Please restate, word for word, the lines below that begin at the one with "Used 2000 Lexus ES 330 FWD image 21" and end at the one with "Leopard Print金ゴールド赤い写真50誕生日 招待状 (スタンド正面)". Leave out all other lines.

● **Extracted information**:
┄┄┄┄┄┄┄┄┄┄

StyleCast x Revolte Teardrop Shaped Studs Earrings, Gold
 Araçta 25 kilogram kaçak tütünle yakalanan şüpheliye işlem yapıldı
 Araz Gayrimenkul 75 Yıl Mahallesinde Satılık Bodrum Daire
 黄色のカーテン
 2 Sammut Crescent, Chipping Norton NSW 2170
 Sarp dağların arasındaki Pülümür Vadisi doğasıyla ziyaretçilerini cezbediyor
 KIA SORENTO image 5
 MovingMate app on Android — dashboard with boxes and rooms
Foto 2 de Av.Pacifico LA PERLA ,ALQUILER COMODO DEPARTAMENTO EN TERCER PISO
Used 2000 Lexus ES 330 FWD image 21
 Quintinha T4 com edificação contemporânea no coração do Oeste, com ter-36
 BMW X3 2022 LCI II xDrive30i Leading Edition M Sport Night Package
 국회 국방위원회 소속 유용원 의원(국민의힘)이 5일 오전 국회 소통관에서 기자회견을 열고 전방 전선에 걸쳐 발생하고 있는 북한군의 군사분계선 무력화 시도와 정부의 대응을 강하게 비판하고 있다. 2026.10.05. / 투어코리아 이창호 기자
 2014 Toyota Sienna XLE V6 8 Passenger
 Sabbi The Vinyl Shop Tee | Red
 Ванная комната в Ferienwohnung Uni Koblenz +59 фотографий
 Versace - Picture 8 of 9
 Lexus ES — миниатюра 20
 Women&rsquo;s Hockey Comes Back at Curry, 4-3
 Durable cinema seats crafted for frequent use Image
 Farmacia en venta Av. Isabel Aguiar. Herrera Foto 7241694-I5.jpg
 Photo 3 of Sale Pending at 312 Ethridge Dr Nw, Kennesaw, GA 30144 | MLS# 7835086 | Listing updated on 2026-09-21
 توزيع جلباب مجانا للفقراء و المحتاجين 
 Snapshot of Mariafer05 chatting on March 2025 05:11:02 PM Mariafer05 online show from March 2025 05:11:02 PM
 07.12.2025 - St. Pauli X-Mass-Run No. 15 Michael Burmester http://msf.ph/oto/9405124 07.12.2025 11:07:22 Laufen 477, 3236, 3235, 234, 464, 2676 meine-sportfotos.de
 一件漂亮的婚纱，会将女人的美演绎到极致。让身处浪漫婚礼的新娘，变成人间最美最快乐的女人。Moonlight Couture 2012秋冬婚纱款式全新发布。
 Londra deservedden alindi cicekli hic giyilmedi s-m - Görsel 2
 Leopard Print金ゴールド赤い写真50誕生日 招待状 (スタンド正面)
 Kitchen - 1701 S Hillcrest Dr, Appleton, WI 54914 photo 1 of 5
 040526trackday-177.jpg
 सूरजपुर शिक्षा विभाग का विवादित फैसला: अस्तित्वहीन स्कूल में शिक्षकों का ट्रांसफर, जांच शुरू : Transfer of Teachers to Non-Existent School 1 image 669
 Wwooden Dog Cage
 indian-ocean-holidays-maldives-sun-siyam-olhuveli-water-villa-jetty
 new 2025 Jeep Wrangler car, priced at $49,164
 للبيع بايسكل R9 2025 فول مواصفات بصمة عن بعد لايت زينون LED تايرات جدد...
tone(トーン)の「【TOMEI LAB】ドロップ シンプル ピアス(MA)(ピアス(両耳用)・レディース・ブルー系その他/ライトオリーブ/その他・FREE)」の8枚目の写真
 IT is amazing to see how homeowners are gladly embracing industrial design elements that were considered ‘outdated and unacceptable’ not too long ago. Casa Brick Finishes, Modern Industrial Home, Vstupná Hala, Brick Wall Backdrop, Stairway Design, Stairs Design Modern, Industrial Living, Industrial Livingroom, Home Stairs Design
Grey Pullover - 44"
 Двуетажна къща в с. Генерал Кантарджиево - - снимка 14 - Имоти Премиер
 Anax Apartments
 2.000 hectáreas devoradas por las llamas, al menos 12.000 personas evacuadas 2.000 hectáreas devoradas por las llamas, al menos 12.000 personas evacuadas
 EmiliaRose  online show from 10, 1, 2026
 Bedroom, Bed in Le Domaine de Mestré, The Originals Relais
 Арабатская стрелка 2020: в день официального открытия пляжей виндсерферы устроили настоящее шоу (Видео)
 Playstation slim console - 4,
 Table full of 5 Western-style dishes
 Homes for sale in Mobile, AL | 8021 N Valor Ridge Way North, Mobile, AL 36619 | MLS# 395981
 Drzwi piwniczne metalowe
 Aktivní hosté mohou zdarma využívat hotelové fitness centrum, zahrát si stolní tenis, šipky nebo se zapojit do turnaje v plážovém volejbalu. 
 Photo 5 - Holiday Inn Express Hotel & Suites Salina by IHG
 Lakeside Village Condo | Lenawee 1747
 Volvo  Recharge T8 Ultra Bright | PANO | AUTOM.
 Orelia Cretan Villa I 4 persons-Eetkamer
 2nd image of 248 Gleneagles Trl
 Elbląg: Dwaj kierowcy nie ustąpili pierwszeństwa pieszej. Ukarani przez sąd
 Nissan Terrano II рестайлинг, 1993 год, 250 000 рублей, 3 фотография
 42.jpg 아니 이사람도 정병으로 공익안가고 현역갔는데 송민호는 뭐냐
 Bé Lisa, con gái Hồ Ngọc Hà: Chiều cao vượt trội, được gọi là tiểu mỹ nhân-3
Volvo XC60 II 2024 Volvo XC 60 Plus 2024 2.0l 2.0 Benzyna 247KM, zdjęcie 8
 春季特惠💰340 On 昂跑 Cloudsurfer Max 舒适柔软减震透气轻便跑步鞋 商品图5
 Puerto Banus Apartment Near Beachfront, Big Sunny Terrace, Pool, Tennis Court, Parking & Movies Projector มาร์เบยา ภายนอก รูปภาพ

┄┄┄┄┄┄┄┄┄┄

● **Worked solution**:
Used 2000 Lexus ES 330 FWD image 21
 Quintinha T4 com edificação contemporânea no coração do Oeste, com ter-36
 BMW X3 2022 LCI II xDrive30i Leading Edition M Sport Night Package
 국회 국방위원회 소속 유용원 의원(국민의힘)이 5일 오전 국회 소통관에서 기자회견을 열고 전방 전선에 걸쳐 발생하고 있는 북한군의 군사분계선 무력화 시도와 정부의 대응을 강하게 비판하고 있다. 2026.10.05. / 투어코리아 이창호 기자
 2014 Toyota Sienna XLE V6 8 Passenger
 Sabbi The Vinyl Shop Tee | Red
 Ванная комната в Ferienwohnung Uni Koblenz +59 фотографий
 Versace - Picture 8 of 9
 Lexus ES — миниатюра 20
 Women&rsquo;s Hockey Comes Back at Curry, 4-3
 Durable cinema seats crafted for frequent use Image
 Farmacia en venta Av. Isabel Aguiar. Herrera Foto 7241694-I5.jpg
 Photo 3 of Sale Pending at 312 Ethridge Dr Nw, Kennesaw, GA 30144 | MLS# 7835086 | Listing updated on 2026-09-21
 توزيع جلباب مجانا للفقراء و المحتاجين 
 Snapshot of Mariafer05 chatting on March 2025 05:11:02 PM Mariafer05 online show from March 2025 05:11:02 PM
 07.12.2025 - St. Pauli X-Mass-Run No. 15 Michael Burmester http://msf.ph/oto/9405124 07.12.2025 11:07:22 Laufen 477, 3236, 3235, 234, 464, 2676 meine-sportfotos.de
 一件漂亮的婚纱，会将女人的美演绎到极致。让身处浪漫婚礼的新娘，变成人间最美最快乐的女人。Moonlight Couture 2012秋冬婚纱款式全新发布。
 Londra deservedden alindi cicekli hic giyilmedi s-m - Görsel 2
 Leopard Print金ゴールド赤い写真50誕生日 招待状 (スタンド正面)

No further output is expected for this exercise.